===== DATASET EXTRACT =====
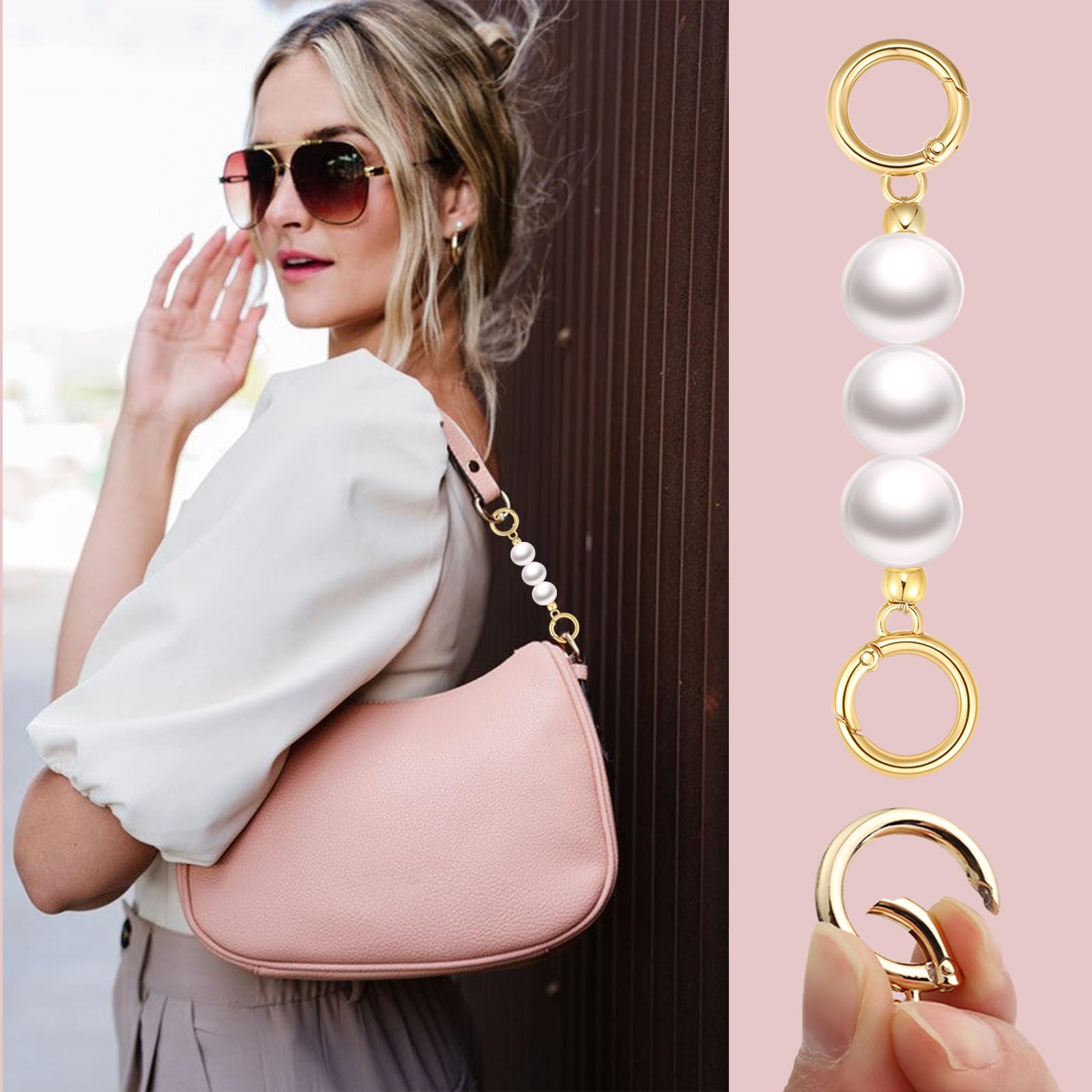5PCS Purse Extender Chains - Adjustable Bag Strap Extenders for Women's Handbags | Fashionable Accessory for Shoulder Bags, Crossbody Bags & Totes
=====
===== DATASET EXTRACT =====
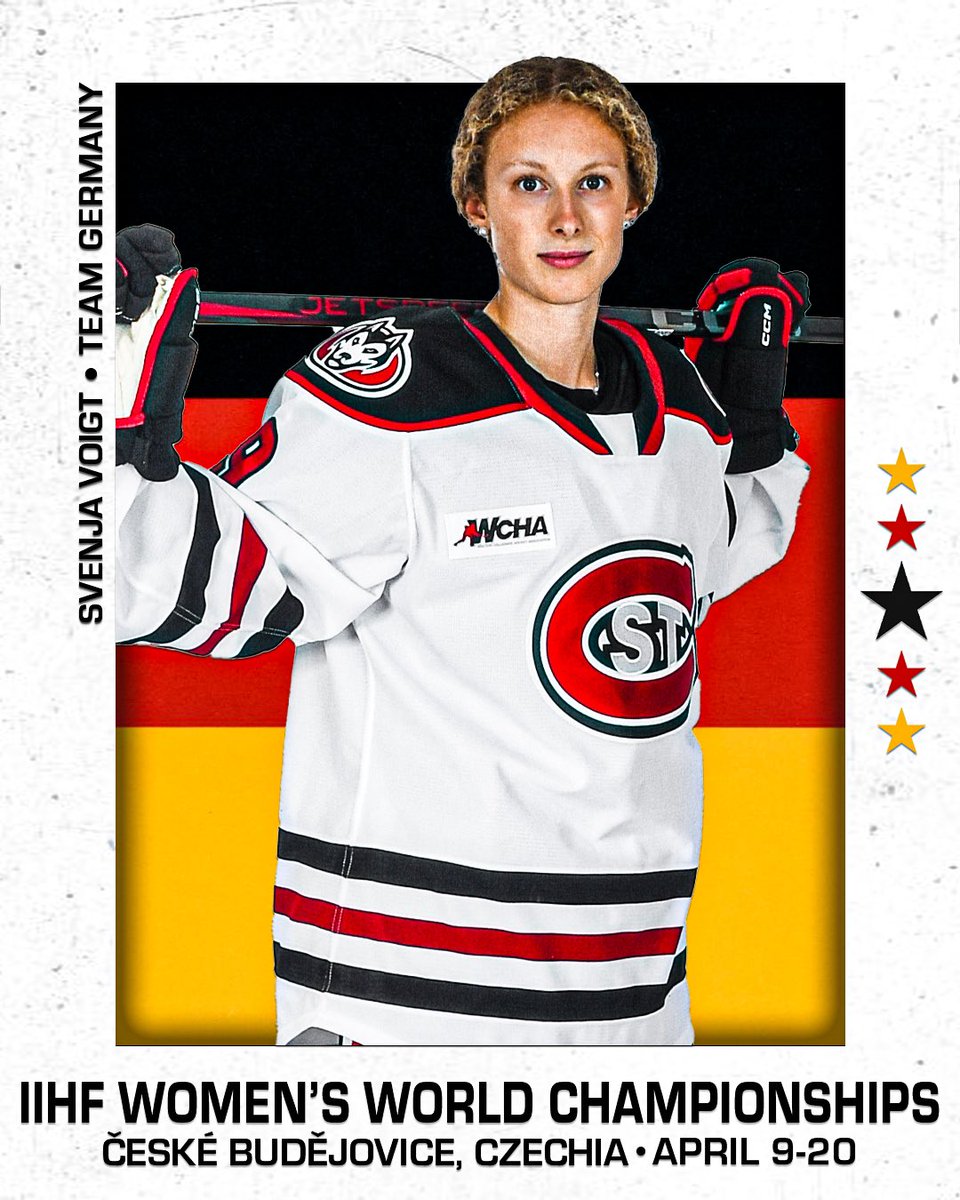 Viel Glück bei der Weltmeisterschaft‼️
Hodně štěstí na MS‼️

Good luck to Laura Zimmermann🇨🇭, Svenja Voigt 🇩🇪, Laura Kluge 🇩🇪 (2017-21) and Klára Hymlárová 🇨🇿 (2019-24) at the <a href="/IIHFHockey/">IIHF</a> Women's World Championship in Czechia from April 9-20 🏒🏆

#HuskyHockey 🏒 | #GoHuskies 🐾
=====
===== DATASET EXTRACT =====
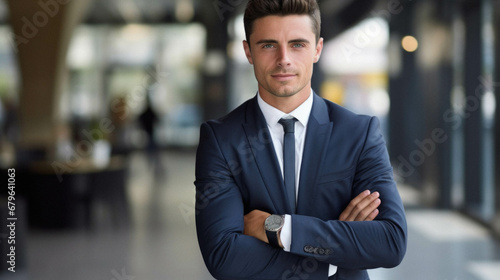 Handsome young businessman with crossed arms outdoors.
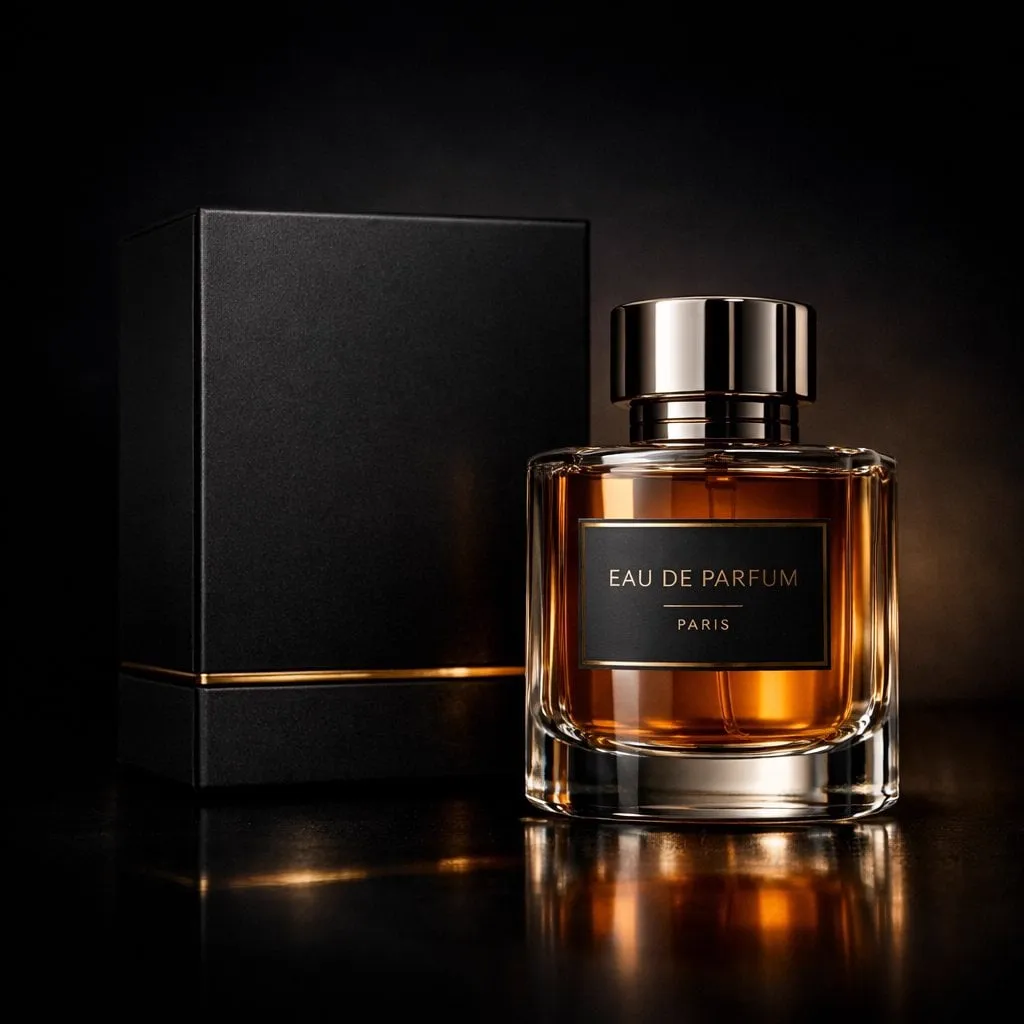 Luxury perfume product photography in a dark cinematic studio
=====
◆ **PROBLEM TO SOLVE**: Quote the data above from the line containing "Good luck to" to the line containing "#HuskyHockey 🏒 | #GoHuskies 🐾", inclusive, and stop.

◆ **RESULT FOR THIS TASK**:
Good luck to Laura Zimmermann🇨🇭, Svenja Voigt 🇩🇪, Laura Kluge 🇩🇪 (2017-21) and Klára Hymlárová 🇨🇿 (2019-24) at the <a href="/IIHFHockey/">IIHF</a> Women's World Championship in Czechia from April 9-20 🏒🏆

#HuskyHockey 🏒 | #GoHuskies 🐾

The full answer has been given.